- _Brief descriptive captions_
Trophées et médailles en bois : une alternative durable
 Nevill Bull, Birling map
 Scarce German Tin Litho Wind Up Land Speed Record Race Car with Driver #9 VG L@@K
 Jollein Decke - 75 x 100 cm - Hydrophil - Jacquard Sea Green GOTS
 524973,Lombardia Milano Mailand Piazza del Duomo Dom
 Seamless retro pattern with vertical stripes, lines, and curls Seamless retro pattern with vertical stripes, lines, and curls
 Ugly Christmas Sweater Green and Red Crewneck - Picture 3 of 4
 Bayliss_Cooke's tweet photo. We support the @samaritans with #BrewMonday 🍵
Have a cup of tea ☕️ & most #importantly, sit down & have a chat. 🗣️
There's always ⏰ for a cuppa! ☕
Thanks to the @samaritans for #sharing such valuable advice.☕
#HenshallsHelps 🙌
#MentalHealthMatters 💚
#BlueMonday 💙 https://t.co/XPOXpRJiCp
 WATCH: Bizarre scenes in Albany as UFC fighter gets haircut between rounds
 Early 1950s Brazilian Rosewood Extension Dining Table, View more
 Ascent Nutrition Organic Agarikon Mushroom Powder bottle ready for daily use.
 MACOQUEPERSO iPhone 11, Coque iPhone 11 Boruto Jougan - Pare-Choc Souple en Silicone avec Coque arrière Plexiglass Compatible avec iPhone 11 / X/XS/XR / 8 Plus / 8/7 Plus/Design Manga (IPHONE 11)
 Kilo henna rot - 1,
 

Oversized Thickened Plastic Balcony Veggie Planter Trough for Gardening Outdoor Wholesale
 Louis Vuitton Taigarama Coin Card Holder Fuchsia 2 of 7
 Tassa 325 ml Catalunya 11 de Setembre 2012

- _WHAT YOU SHOULD DO_
Please restate, exactly as written, the line that holds "Bayliss_Cooke's tweet photo." and all remaining lines of the data above, and only those.

- _SOLUTION TO THIS PROBLEM_
 Bayliss_Cooke's tweet photo. We support the @samaritans with #BrewMonday 🍵
Have a cup of tea ☕️ & most #importantly, sit down & have a chat. 🗣️
There's always ⏰ for a cuppa! ☕
Thanks to the @samaritans for #sharing such valuable advice.☕
#HenshallsHelps 🙌
#MentalHealthMatters 💚
#BlueMonday 💙 https://t.co/XPOXpRJiCp
 WATCH: Bizarre scenes in Albany as UFC fighter gets haircut between rounds
 Early 1950s Brazilian Rosewood Extension Dining Table, View more
 Ascent Nutrition Organic Agarikon Mushroom Powder bottle ready for daily use.
 MACOQUEPERSO iPhone 11, Coque iPhone 11 Boruto Jougan - Pare-Choc Souple en Silicone avec Coque arrière Plexiglass Compatible avec iPhone 11 / X/XS/XR / 8 Plus / 8/7 Plus/Design Manga (IPHONE 11)
 Kilo henna rot - 1,
 

Oversized Thickened Plastic Balcony Veggie Planter Trough for Gardening Outdoor Wholesale
 Louis Vuitton Taigarama Coin Card Holder Fuchsia 2 of 7
 Tassa 325 ml Catalunya 11 de Setembre 2012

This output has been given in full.